Como suele ocurrir con frecuencia, el discurso sobre los valores de la competencia y la ética deportiva surge cuando los intereses propios son vulnerados. La Unión no tenía ni más merecimientos ni más superioridad moral para pretender obtener un premio que estaba en disputa. Lo lógico era jugarlo en cancha, ofreciendo la voluntad de reencantar al hincha, de poner en disputa el balón, de hacer un gesto generoso para recuperar la confianza de los socios.

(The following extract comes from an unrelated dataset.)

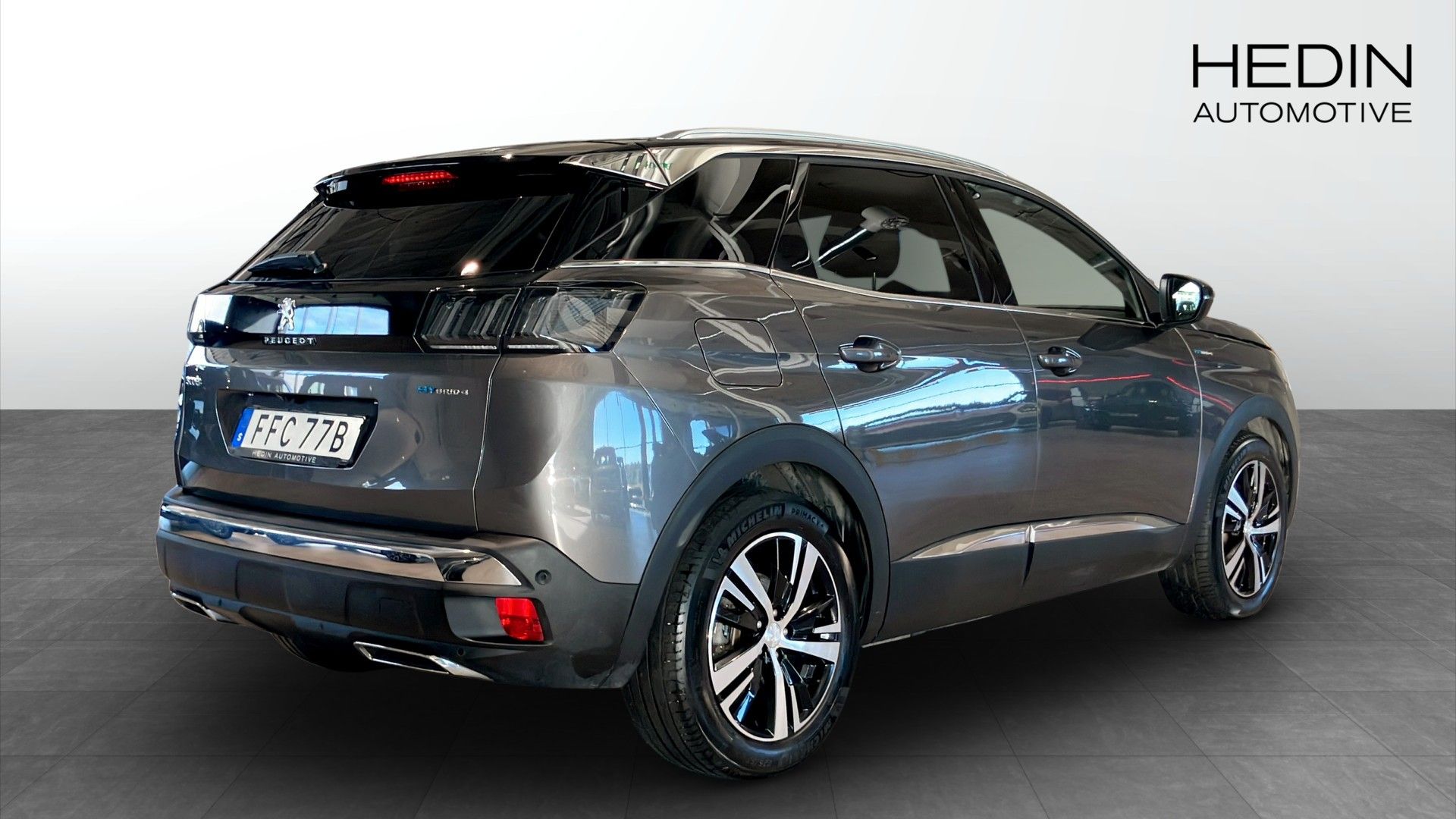 Peugeot 3008 Apple 2021, bild 2/9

Si algo nos ha demostrado Segovia en su historial directivo es que la generosidad no es lo suyo. Y que para blandir principios tan pomposos como la ética y la justicia hay que, al menos, haber acumulado méritos personales para la prédica. Si hay una cosa clara es que este largo receso solo provocó beneficios para los clubes, que recibieron los dineros que tanto les importan sin el sacrificio del esfuerzo. Y que había dos cosas que no se transaban: la categoría y los cheques, y ambas se resguardaron sin importar los métodos. Era comprensible que en ese afán hubiera esquirlas, heridos y groseros errores, que crecieron a la sombra de la decisión mayor, que es y será uno de los mayores errores colectivos que se han vivido en la historia del fútbol chileno.
Para salir de ese pantano solo cabe jugar, aprender de los errores y planificar para que no vuelvan a ocurrir. Y así como en Temuco la fiesta fue plena (VAR incluido) en La Serena el bochorno demostró que siempre puede ser peor. No sabemos el destino de la querella hispana y si logrará captar alguna adhesión —una sola— entre sus pares. Lo que importa es que un grupo de jugadores, un entrenador respetado y más de un funcionario quedaron cazados en la tozudez de un dirigente, lo que no es nuevo, ni nos sorprende. Con una cuota de sarcasmo e ironía el plantel bautizó como “Don Segovia” a su propietario, como una manera de separar aguas y amortiguar la vergüenza.
Igual, quedará la esperanza de que, de aquí en más, cada vez que se intente perpetrar otra fechoría contra nuestro fútbol, los que claman por justicia y ética sean los primeros en alzar la voz. Siempre y en toda circunstancia.